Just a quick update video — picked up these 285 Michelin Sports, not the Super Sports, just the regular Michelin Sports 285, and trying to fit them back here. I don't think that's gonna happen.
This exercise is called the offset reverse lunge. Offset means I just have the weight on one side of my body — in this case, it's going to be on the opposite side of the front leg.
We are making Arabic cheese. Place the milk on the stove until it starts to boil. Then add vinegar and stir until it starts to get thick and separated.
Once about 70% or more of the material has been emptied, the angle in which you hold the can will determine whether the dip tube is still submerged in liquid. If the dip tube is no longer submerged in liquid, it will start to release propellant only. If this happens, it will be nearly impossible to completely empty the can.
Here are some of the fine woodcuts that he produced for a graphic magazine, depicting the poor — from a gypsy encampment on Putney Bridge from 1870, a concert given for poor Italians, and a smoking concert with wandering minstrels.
++++++++++
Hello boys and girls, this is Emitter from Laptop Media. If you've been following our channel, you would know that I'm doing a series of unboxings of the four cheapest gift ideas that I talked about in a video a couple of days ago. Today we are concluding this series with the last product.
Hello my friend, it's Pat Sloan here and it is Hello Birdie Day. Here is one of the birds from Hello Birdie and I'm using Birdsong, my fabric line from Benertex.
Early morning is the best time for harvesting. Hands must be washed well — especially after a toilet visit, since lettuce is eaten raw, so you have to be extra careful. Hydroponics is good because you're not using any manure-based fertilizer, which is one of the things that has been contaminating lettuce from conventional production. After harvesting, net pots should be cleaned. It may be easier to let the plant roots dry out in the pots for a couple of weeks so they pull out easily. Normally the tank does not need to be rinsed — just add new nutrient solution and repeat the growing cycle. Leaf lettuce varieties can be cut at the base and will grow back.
++++++++++
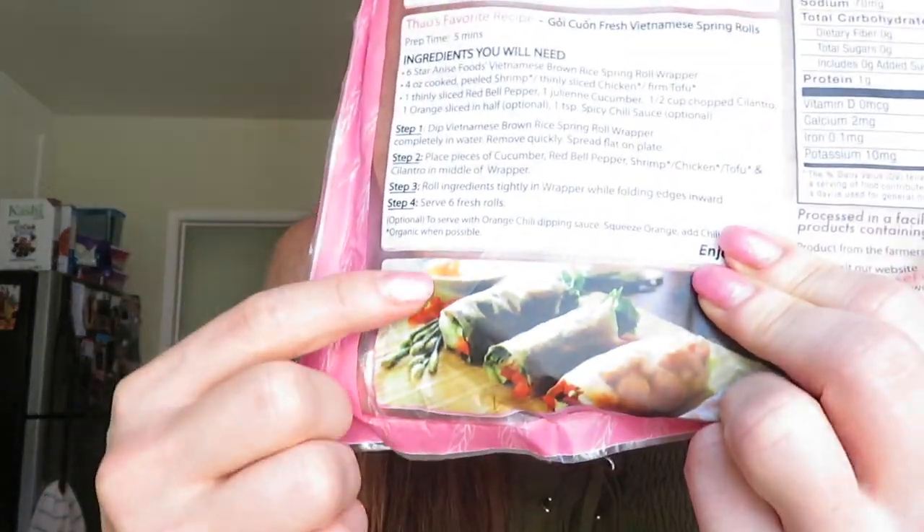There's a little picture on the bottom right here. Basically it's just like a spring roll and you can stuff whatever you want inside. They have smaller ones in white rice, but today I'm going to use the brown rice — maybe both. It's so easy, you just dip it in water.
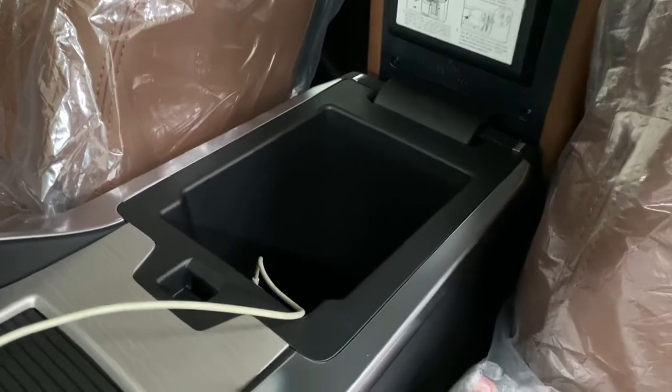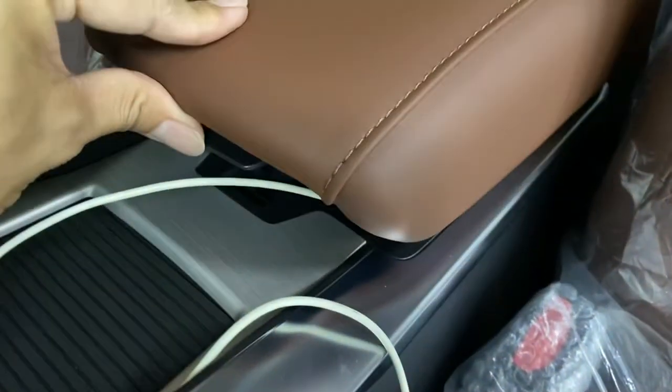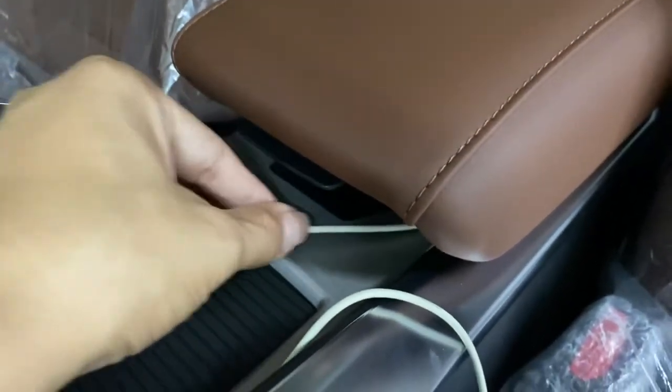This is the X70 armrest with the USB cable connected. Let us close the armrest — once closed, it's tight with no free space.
++++++++++
Using the entries above, give back exactly the line containing "We are making", the line containing "Here are some", and every line between them, and nothing else.

_Exercise solution_
We are making Arabic cheese. Place the milk on the stove until it starts to boil. Then add vinegar and stir until it starts to get thick and separated.
Once about 70% or more of the material has been emptied, the angle in which you hold the can will determine whether the dip tube is still submerged in liquid. If the dip tube is no longer submerged in liquid, it will start to release propellant only. If this happens, it will be nearly impossible to completely empty the can.
Here are some of the fine woodcuts that he produced for a graphic magazine, depicting the poor — from a gypsy encampment on Putney Bridge from 1870, a concert given for poor Italians, and a smoking concert with wandering minstrels.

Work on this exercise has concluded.